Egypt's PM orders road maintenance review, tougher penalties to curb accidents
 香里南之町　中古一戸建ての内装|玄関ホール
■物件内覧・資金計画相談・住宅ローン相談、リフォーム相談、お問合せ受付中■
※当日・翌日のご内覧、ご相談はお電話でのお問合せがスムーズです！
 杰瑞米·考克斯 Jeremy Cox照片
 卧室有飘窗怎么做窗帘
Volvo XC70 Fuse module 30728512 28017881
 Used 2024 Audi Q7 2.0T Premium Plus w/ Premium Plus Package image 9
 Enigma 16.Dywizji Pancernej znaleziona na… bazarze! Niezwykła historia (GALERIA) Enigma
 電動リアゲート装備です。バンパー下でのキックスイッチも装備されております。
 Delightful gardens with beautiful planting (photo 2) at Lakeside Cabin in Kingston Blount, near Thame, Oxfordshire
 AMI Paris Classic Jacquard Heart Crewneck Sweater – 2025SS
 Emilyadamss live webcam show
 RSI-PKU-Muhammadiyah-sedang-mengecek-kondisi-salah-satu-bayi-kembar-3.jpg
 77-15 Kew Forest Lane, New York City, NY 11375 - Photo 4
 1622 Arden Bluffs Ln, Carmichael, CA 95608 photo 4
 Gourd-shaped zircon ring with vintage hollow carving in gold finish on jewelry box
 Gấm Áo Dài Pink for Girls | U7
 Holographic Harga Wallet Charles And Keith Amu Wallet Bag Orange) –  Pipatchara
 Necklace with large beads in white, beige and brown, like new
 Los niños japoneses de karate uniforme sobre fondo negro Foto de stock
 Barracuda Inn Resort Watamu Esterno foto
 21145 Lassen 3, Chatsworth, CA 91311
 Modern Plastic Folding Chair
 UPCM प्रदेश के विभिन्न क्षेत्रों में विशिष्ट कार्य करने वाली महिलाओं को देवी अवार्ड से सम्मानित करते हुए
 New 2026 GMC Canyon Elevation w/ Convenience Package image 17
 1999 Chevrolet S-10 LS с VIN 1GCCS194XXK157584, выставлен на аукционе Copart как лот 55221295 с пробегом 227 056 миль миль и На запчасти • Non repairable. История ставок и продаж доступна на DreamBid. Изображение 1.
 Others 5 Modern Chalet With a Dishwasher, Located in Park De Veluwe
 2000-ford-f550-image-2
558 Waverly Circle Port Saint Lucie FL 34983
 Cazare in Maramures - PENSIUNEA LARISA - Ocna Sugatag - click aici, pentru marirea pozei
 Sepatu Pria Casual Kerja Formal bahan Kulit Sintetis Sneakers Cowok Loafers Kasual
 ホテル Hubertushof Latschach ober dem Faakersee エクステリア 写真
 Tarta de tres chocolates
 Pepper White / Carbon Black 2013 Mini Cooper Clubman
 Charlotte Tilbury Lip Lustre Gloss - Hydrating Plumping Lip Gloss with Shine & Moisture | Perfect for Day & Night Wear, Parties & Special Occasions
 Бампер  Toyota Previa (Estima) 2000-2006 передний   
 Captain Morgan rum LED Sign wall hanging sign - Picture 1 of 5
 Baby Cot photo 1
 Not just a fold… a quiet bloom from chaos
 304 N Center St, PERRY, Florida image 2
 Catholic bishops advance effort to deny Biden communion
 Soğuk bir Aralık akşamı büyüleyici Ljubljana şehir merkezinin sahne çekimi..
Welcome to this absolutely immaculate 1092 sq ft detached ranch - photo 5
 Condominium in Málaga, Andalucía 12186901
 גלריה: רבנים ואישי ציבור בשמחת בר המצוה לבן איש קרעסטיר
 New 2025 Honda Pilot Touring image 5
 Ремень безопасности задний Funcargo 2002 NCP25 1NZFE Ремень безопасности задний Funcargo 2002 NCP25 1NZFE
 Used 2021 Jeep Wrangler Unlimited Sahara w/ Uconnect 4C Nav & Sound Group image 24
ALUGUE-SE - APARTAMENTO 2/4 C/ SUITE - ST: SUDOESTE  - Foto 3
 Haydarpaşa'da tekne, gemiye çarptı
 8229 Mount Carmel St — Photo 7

⁂

What needs to be done:
Go through the material and write each line out again exactly.

Response below:
Egypt's PM orders road maintenance review, tougher penalties to curb accidents
 香里南之町　中古一戸建ての内装|玄関ホール
■物件内覧・資金計画相談・住宅ローン相談、リフォーム相談、お問合せ受付中■
※当日・翌日のご内覧、ご相談はお電話でのお問合せがスムーズです！
 杰瑞米·考克斯 Jeremy Cox照片
 卧室有飘窗怎么做窗帘
Volvo XC70 Fuse module 30728512 28017881
 Used 2024 Audi Q7 2.0T Premium Plus w/ Premium Plus Package image 9
 Enigma 16.Dywizji Pancernej znaleziona na… bazarze! Niezwykła historia (GALERIA) Enigma
 電動リアゲート装備です。バンパー下でのキックスイッチも装備されております。
 Delightful gardens with beautiful planting (photo 2) at Lakeside Cabin in Kingston Blount, near Thame, Oxfordshire
 AMI Paris Classic Jacquard Heart Crewneck Sweater – 2025SS
 Emilyadamss live webcam show
 RSI-PKU-Muhammadiyah-sedang-mengecek-kondisi-salah-satu-bayi-kembar-3.jpg
 77-15 Kew Forest Lane, New York City, NY 11375 - Photo 4
 1622 Arden Bluffs Ln, Carmichael, CA 95608 photo 4
 Gourd-shaped zircon ring with vintage hollow carving in gold finish on jewelry box
 Gấm Áo Dài Pink for Girls | U7
 Holographic Harga Wallet Charles And Keith Amu Wallet Bag Orange) –  Pipatchara
 Necklace with large beads in white, beige and brown, like new
 Los niños japoneses de karate uniforme sobre fondo negro Foto de stock
 Barracuda Inn Resort Watamu Esterno foto
 21145 Lassen 3, Chatsworth, CA 91311
 Modern Plastic Folding Chair
 UPCM प्रदेश के विभिन्न क्षेत्रों में विशिष्ट कार्य करने वाली महिलाओं को देवी अवार्ड से सम्मानित करते हुए
 New 2026 GMC Canyon Elevation w/ Convenience Package image 17
 1999 Chevrolet S-10 LS с VIN 1GCCS194XXK157584, выставлен на аукционе Copart как лот 55221295 с пробегом 227 056 миль миль и На запчасти • Non repairable. История ставок и продаж доступна на DreamBid. Изображение 1.
 Others 5 Modern Chalet With a Dishwasher, Located in Park De Veluwe
 2000-ford-f550-image-2
558 Waverly Circle Port Saint Lucie FL 34983
 Cazare in Maramures - PENSIUNEA LARISA - Ocna Sugatag - click aici, pentru marirea pozei
 Sepatu Pria Casual Kerja Formal bahan Kulit Sintetis Sneakers Cowok Loafers Kasual
 ホテル Hubertushof Latschach ober dem Faakersee エクステリア 写真
 Tarta de tres chocolates
 Pepper White / Carbon Black 2013 Mini Cooper Clubman
 Charlotte Tilbury Lip Lustre Gloss - Hydrating Plumping Lip Gloss with Shine & Moisture | Perfect for Day & Night Wear, Parties & Special Occasions
 Бампер  Toyota Previa (Estima) 2000-2006 передний   
 Captain Morgan rum LED Sign wall hanging sign - Picture 1 of 5
 Baby Cot photo 1
 Not just a fold… a quiet bloom from chaos
 304 N Center St, PERRY, Florida image 2
 Catholic bishops advance effort to deny Biden communion
 Soğuk bir Aralık akşamı büyüleyici Ljubljana şehir merkezinin sahne çekimi..
Welcome to this absolutely immaculate 1092 sq ft detached ranch - photo 5
 Condominium in Málaga, Andalucía 12186901
 גלריה: רבנים ואישי ציבור בשמחת בר המצוה לבן איש קרעסטיר
 New 2025 Honda Pilot Touring image 5
 Ремень безопасности задний Funcargo 2002 NCP25 1NZFE Ремень безопасности задний Funcargo 2002 NCP25 1NZFE
 Used 2021 Jeep Wrangler Unlimited Sahara w/ Uconnect 4C Nav & Sound Group image 24
ALUGUE-SE - APARTAMENTO 2/4 C/ SUITE - ST: SUDOESTE  - Foto 3
 Haydarpaşa'da tekne, gemiye çarptı
 8229 Mount Carmel St — Photo 7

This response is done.